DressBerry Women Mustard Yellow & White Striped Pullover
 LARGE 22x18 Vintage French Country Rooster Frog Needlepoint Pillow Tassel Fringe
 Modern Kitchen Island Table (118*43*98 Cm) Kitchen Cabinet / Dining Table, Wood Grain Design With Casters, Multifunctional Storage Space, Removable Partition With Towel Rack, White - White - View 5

══════════

Problem details: Retype the material above in full, keeping every word as it stands.

Solution for this task:
DressBerry Women Mustard Yellow & White Striped Pullover
 LARGE 22x18 Vintage French Country Rooster Frog Needlepoint Pillow Tassel Fringe
 Modern Kitchen Island Table (118*43*98 Cm) Kitchen Cabinet / Dining Table, Wood Grain Design With Casters, Multifunctional Storage Space, Removable Partition With Towel Rack, White - White - View 5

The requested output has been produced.